Эта надежда часто едва уловима, но ты безошибочно ее узнаешь. Чувствуешь, как голос Джуди Гарленд в «Somewhere Over the Rainbow» легко поднимается на целую октаву на одном слове «somewhere», перескакивая через семь нот, подобно настоящей музыкальной радуге, и приземляясь на восьмой. Надежда — это всегда устремление ввысь, это протянутая рука. Надежда — это полет. «Штучка с перьями», как метко подметила Эмили Дикинсон.
Многим кажется, что в трудные времена тяжело обрести надежду, но я считаю иначе. По крайней мере, именно в надежду мы вцепляемся изо всех сил в периоды тревоги и отчаяния. Мне думается, вряд ли стоит считать совпадением то, что «Somewhere Over the Rainbow» — одна из самых щемящих и в то же время пронизанных надеждой песен во всем мире, песня, вошедшая во многие чарты в качестве величайшей песни двадцатого столетия — была написана Гарольдом Арленом и Эдгаром «Йипом» Харбургом для «Волшебника страны Оз» в 1939 году, едва ли не самом мрачном за всю историю человечества. Гарольд подарил миру эту музыку, а Йип написал на нее слова. Оба этих человека были отнюдь не чужды страданиям. Эдгар Харбург лично наблюдал ужасы Первой мировой войны, а после кризиса 1929 года оказался банкротом. А у прославившегося благодаря этому пронзительному скачку через октаву Гарольда Арлена погиб в младенчестве брат-близнец. В шестнадцать Гарольд сбежал от родителей — ортодоксальных евреев — и ушел на поприще современной музыкальной карьеры.

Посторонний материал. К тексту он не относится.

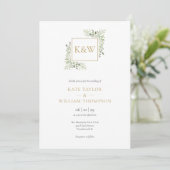 Groene Blad Monogram Foto Bruiloft Kaart (Staand voorkant)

При этом не забудем и о том, что эти два еврея написали, наверное, самую полную надежды песню из всех как раз в то время, когда Адольф Гитлер вовсю разжигал пламя войны, и в Европе уже бушевал антисемитизм.

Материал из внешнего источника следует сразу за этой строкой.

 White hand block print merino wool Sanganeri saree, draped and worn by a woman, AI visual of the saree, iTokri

Чтобы обрести надежду, совсем не обязательно быть в полном порядке. Нужно всего лишь осознать, что все изменится. Надежда есть для всех. Не надо отрицать окружающую реальность — надо лишь понимать, что будущее туманно и что в человеческой жизни есть не только тьма, но и свет. Можно оставаться в гуще самых жутких событий и слышать при этом в голове следующую октаву, где-то по другую сторону радуги. Мы способны жить наполовину в настоящем, наполовину — в будущем. Одной ногой в Канзасе, другой — в стране Оз.
Песни, которые меня успокаивают (плейлист)
(Утешительны не слова этих песен, и логика тут ни при чем, но все они творят со мной эту удивительную, нежную, подвластную одной лишь музыке магию. У тебя, конечно, будет другой плейлист. Но я решил поделиться своим.)
O-o-h Child — The Five Stairsteps
Here Comes the Sun — The Beatles
Dear Theodosia — саундтрек к «Гамильтону»
Don’t Worry Baby — The Beach Boys
Somewhere Over the Rainbow — Judy Garland
A Change Is Gonna Come — Sam Cooke
The People — Common ft. Dwele
The Boys of Summer — Don Henley
California — Joni Mitchell
Secret Garden — Bruce Springsteen
You Make It Easy — Air
These Dreams — Heart
True Faith — New Order
If You Leave — OMD
Ivy — Frank Ocean
Swim Good — Frank Ocean
Steppin’ Out — Joe Jackson
Pas de deux из «Щелкунчика» — Чайковский (это, конечно, не песня, но все же ощущается потрясающе пронзительно и комфортно)
If I Could Change Your Mind — HAIM
Space Cowboy — Kacey Musgraves
Hounds of Love — в исполнении либо Kate Bush, либо Futureheads
Enjoy the Silence — Depeche Mode
I Won’t Let You Down — Ph.D.
Just Like Heaven — The Cure
Promised Land — Joe Smooth
Гора
Чтобы решить проблему, неплохо для начала ее разглядеть. Взобраться на гору не выйдет, если делать вид, что горы нет.
Долина
Когда тебе плохо, важно помнить о том, что мысли, навеянные негативными чувствами, — это лишь мысли, а не объективные внешние факторы. К примеру, в двадцать четыре года я был уверен, что не доживу до двадцати пяти. Я абсолютно точно знал, что моя жуткая душевная боль не позволит мне прожить не то что несколько месяцев — недель. И все же вот он я — сижу и пишу этот абзац в свои сорок пять. Депрессия лжива. Чувства, что я испытывал тогда, были более чем реальны, однако мысли, к которыми они меня приводили, были обманчивы.